Popcorn farming, now done mainly in the Midwest, may increase to major proportions in the Pacific Northwest. In part, the shift could result from a casual conversation during a break at the 1988 Entomological Society of America meeting in Louisville, Kentucky.

Agricultural Research Service entomologist Richard L. Wilson of the North Central Regional Plant Introduction Station at Ames, Iowa, mentioned to another scientist that he had been screening, or testing, popcorn germplasm for resistance to corn earworm and European corn borer.

The popcorns had been left to the Plant Introduction Station by the late J.C. Eldredge, an Iowa State University popcorn breeder from 1921 to 1960.

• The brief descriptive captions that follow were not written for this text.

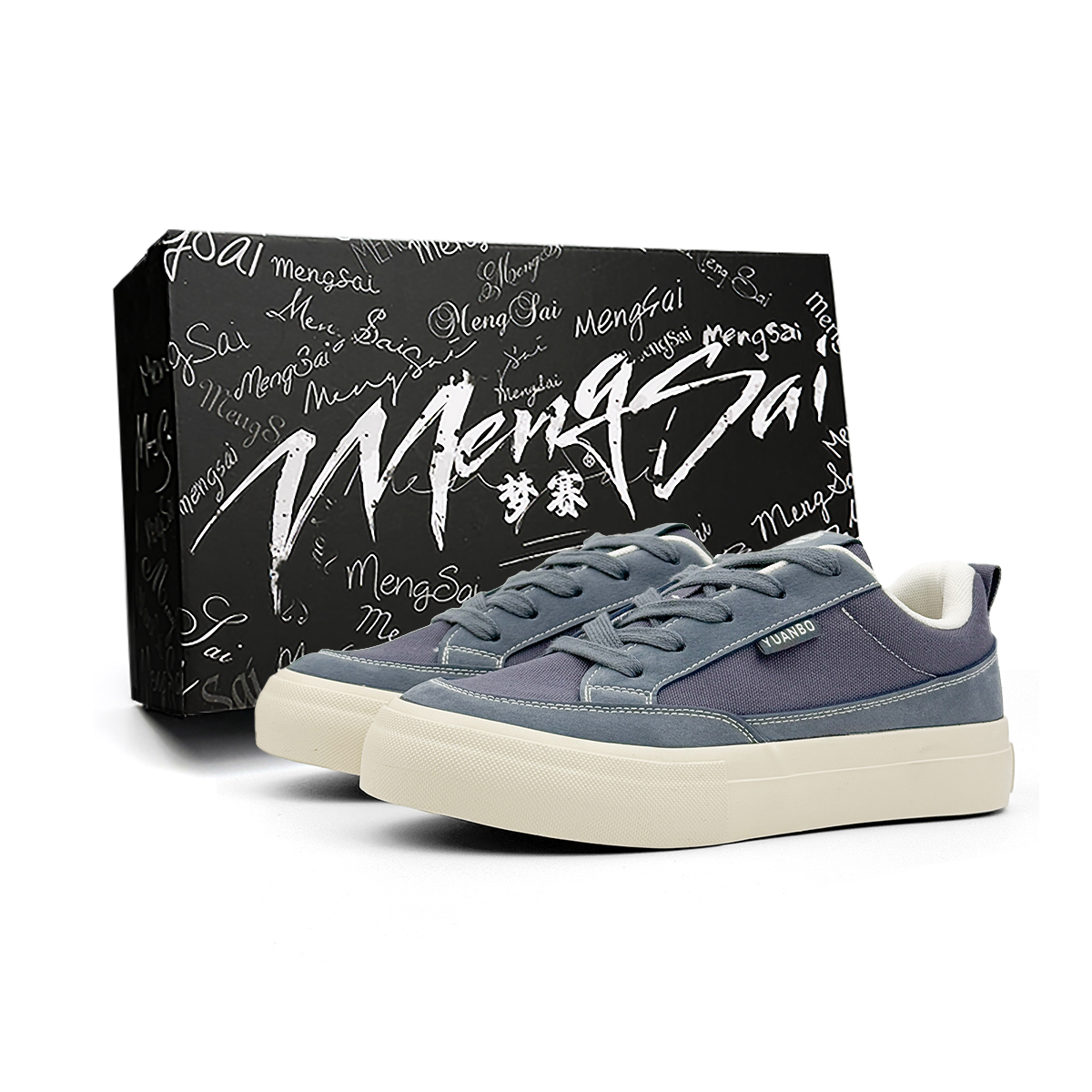 Mengsai Низкие, амортизирующие, износостойкие мужские скейтбордические кроссовки синего цвета
Mengsai Низкие, амортизирующие, износостойкие мужские скейтбордические кроссовки синего цвета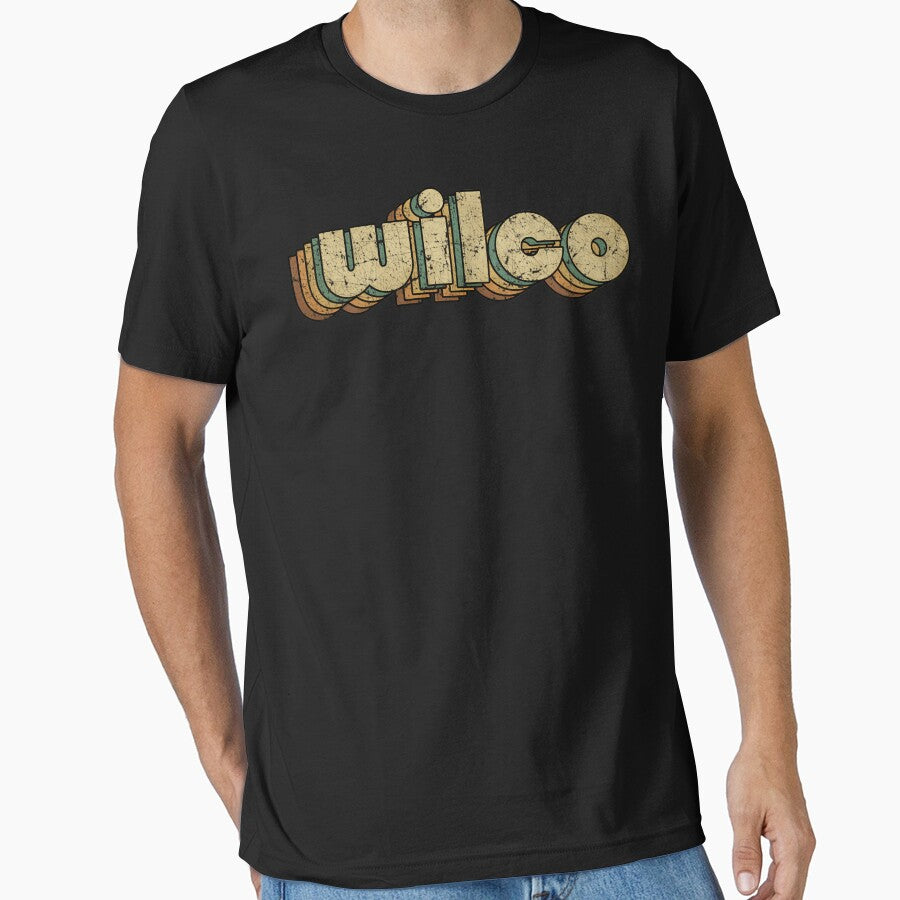 Wilco  Vintage Rainbow Typography Style  70S by rizhovnessen T-Shirts, Hoodie, Sweatshirt | BlankRebels.com (Image 1)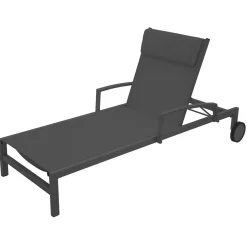 Espreguiçadeira OCALA cinza antracite e graphite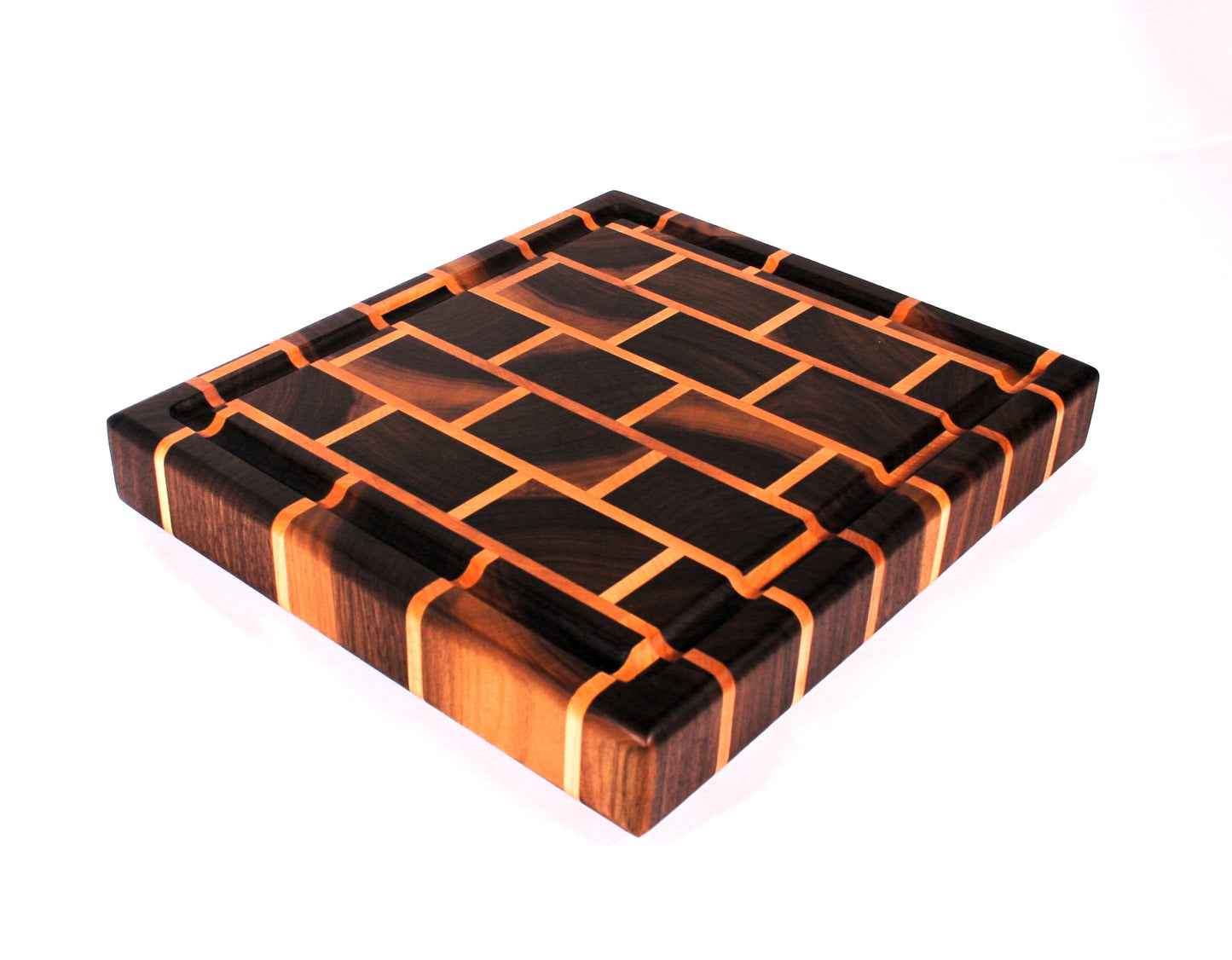 Walnut and Maple Endgrain Brick Brick Cuttinboard - Ready to ship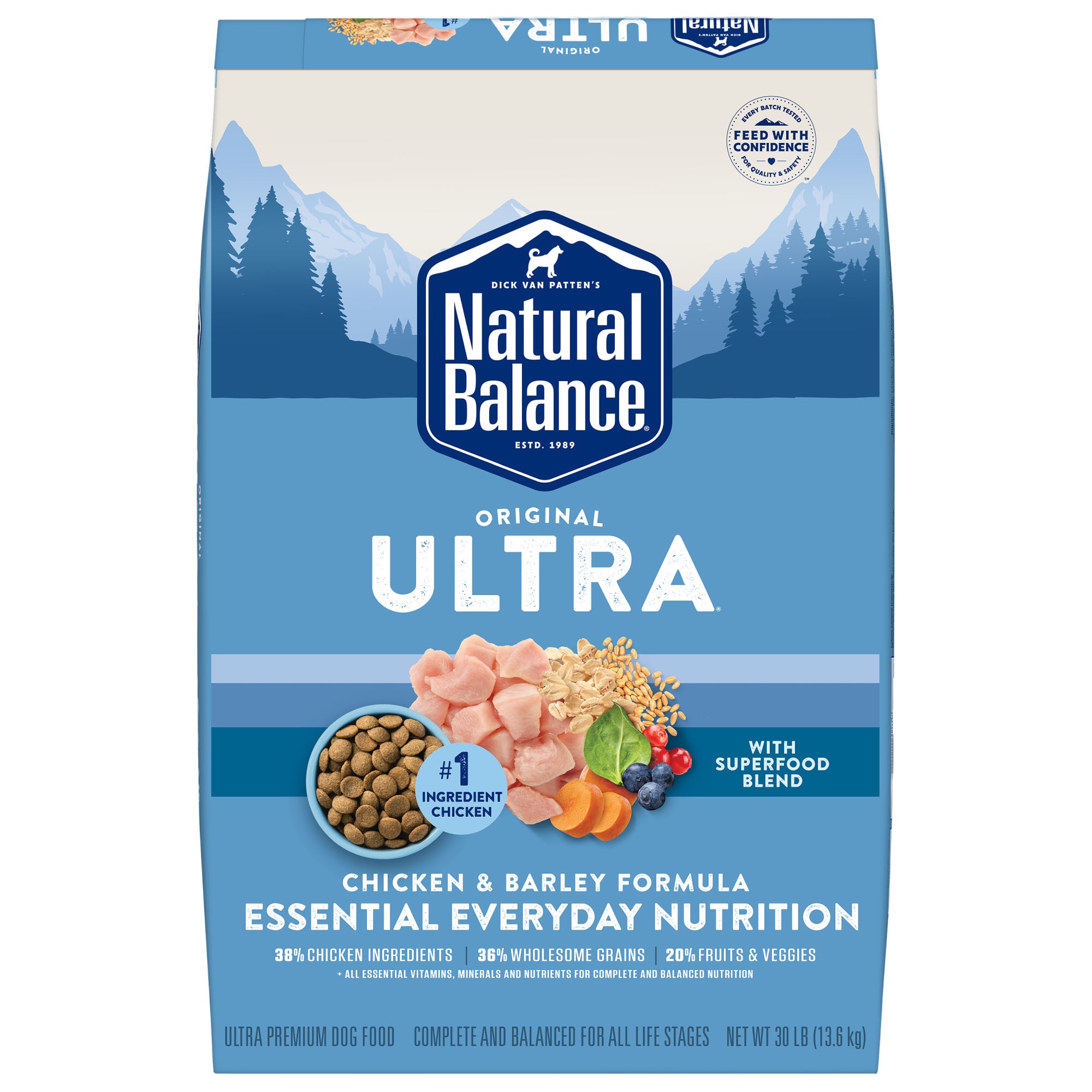 Natural Balance Ultra Original Chicken Barley Formula Dry Dog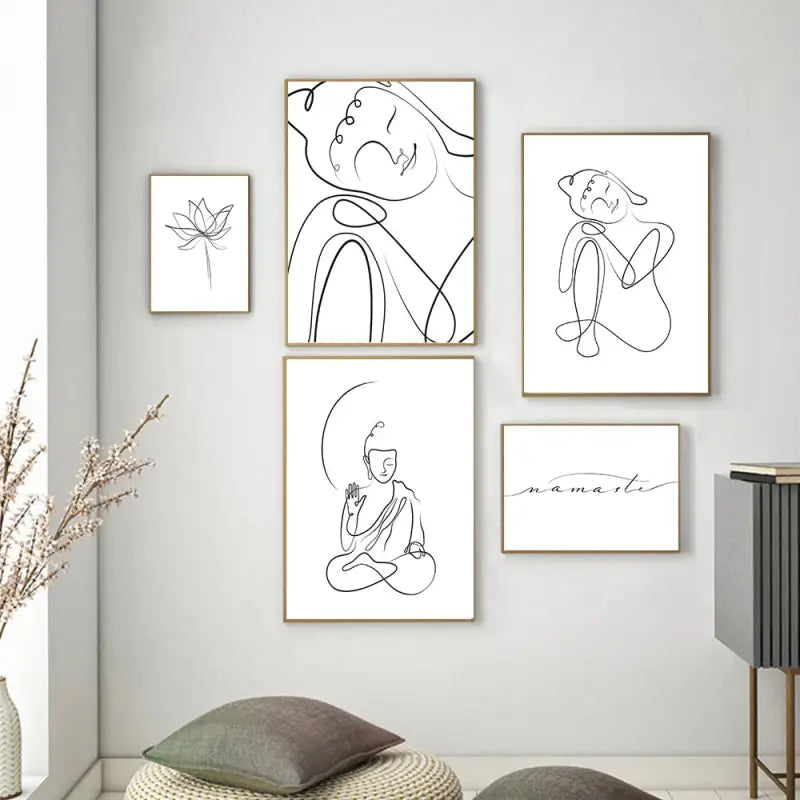 White Pure Buddha Poster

"Of the 35 samples screened, 1 red inbred popcorn, P.I. 340856, turned out to have silks with unusually strong resistance to corn earworm feeding. But normally, popcorn in the Midwest is hardly damaged by the insect anyway," Wilson remarked to fellow entomologist Gary L. Reed. Perhaps, however, the resistance could be transferred to agronomic varieties of sweet corn that are now quite susceptible.

Reed, superintendent of the Oregon Agricultural Experiment Station's center at Hermiston, responded, "Corn earworm is our number-one popcorn pest in Oregon !"

After the meeting, Wilson returned to Ames, where he completed screening all 299 popcorn accessions in the National Plant Germplasm System collection. He then sent the Eldredge collection, plus several other of the most promising accessions, to Reed for evaluation under field conditions in Oregon.

Now, breeders are using several of those lines with varying degrees of corn earworm resistance to develop new popcorn cultivars suitable for commercial production in Oregon, Idaho, and Washington.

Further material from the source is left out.